What brought secret passages to mind for me in sunny and warm May 2016 is….weddings. And graduations. Yes, it’s that season again, with days filled with grad parties, wedding showers, and the actual ceremonies themselves, often on the same day. Both stressful and expensive. What a combination.

Like birthdays and anniversaries, these celebrations can lead some to experience pain and heartbreak. So much so that they might even choose to skip them to avoid the pain.

It’s important to remember that celebrating any significant milestone in life — a passage from one chapter of life into the next — serves an important spiritual function. One of my personal heroes, King David, reminded us to number our days, so that we might gain a heart of wisdom. Memorializing life’s passages serves as a reminder that our time on earth has an end, that the number of weddings and graduations we’ll attend is limited. And it highlights the importance of each choice we make in our lives. Choices to love, to show support, and to be there for those we care for, even if we don’t quite feel like it. And choices to live the next chapter of our own lives in line with His will, and to His glory.

Besides likely not being as glamorous as portrayed in the movies (think rats and black mold), secret passages were more often than not used for nefarious purposes. So my prayer is this: That we won’t let Satan succeed in his nefarious purpose of avoiding or even eliminating the observance of passages in our lives. Jesus blessed weddings by attending one in Cana and performing his first miracle there. Bless your loved ones by being there for every birthday party, anniversary, Thanksgiving dinner, Christmas celebration, New Years’ Eve party, and yes, every grad party, wedding shower, and graduation or wedding you can possibly attend. Even if they’re on the same day (and they probably will be).

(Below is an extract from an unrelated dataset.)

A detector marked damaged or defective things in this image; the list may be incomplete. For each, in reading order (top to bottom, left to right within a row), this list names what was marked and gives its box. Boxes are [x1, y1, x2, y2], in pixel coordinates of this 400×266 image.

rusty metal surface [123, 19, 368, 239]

Let’s lead lives that have no secret passages.

 

 

Choices: Why, How and When

Holidays, especially the Hallmark variety, present some unique opportunities for choices. Presidents Day, for example, presents the simple choice of observing it or not. For holidays of the heart, like Valentine’s Day, the choices become more complicated.

For us husbands, the choice for Valentines Day is not whether you will celebrate (if you value your relationship, you will observe the day), but why you celebrate, and how. The choice you make on the “why” will probably drive the choice on the “how.” Is the day about romance, or is it about something more?  And is it even about the day at all?  Exactly when should we celebrate the depth of our love for our spouses?

There’s a funny meme going around the internet about celebrating Valentine’s Day. The meme list all the things the real St. Valentine went through in his life, including martyrdom, and then St. Valentine himself asks this question: “And you all exchange chocolates because of this?” Like all good humor, this meme holds a nugget of truth. Without saying it outright, this meme points out the shallowness that accompanies this holiday when only the surface aspects of emotional and physical love are celebrated.

To me, the spirit of Valentine’s Day is celebrated not just on February 14th. It’s celebrated in the middle of the night when you choose to get out of bed to feed the baby, so that your wife can sleep.  It’s celebrated when, after the latest fight with your wife and you feel like giving up, you choose to honor your commitment to her, and to God, whether you made that promise 25 days ago or 25 years ago.  And when you surprise your wife by choosing to stay home from that not-so-important business trip, you can be sure that some Valentine’s Day-like celebrations are likely to follow.

“A man shall leave his mother and cleave to his wife, and the two shall become one flesh.” (Matt.19:5)  Husbands, if we’re truly “one flesh” with our wives, aren’t our wives’ burdens our burdens as well?  Sure, cards, flowers and chocolates are great on February 14.  But husbands, let’s use our God-given choices to celebrate our wives (and our own Valentine’s Days) on the other 364 days in the year as well.